# Outlook 2007 "Send As" another account



## PG Croat

This is a pretty simple question that I just can't seem to find an answer to. I set up an employee with a second exchange mailbox. He needed to have one e-mail address set up with a different domain but because Outlook only allows for one exchange account to be set up I needed to set it up so that he had full access permission and Send as permission.

Now I know how to check the mailbox once you have full access permission but how do you send as the other account?

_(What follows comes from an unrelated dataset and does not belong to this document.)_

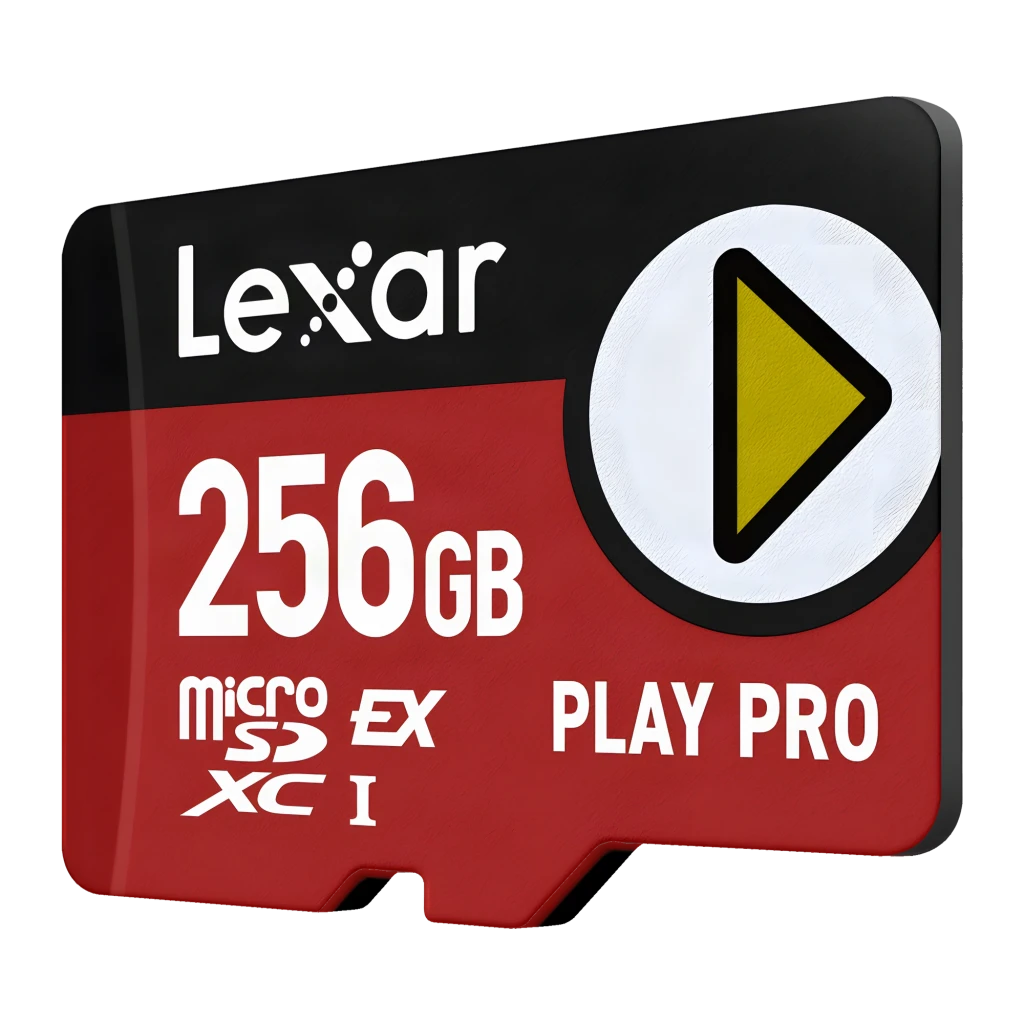 Tarjeta microSD Lexar PLAY Pro microSDXC Express 7.1 256GB V30 U3, detalle: cara frontal en ángulo con logo PLAY y capacidad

I figured it would be straight forward but I got stuck. I know I'm overlooking something obvious. Thanks in advance.


----------



## Dragoen

Yea this might be a Duh! I only have OL 2003 - but in OL 2007 it is probably just moved somewhere new for consistency sake.... In a new email, on my Send toolbar, the second button is Accounts and that allows me to select which account the email will be sent out under.


----------



## PG Croat

Yeah I figured it would be one of those obvious things but there is no Accounts button or "From" button.

Another question though. Will it say the person is sending on behalf of the other account? I'm just asking cause its the same guy and that'll seem kind of dumb if it says he is sending on behalf of himself.


----------



## Dragoen

Makes you wonder why a company that pushed for standardization of GUI software interfaces to reduce user learning curves has gone to moving and removing controls in each revision of their software packages...hmmm could it be to create more demand for MS training courses??? Oops, sorry I digressed to my soapbox, hope that's not taboo in a technical thread.

The email will say From: _Name given to the email account_ [email address of the account]

Maybe someone more familiar with Outlook 2007 will weigh in with the answer. It's got to be hidden in there somewhere.


----------



## PG Croat

Found it, you have to go into the Options tab in the ribbon and thats where you'll find the option to show the "From" button. After that its pretty self explanitory. Thanks for the help though, I appreciate it.


----------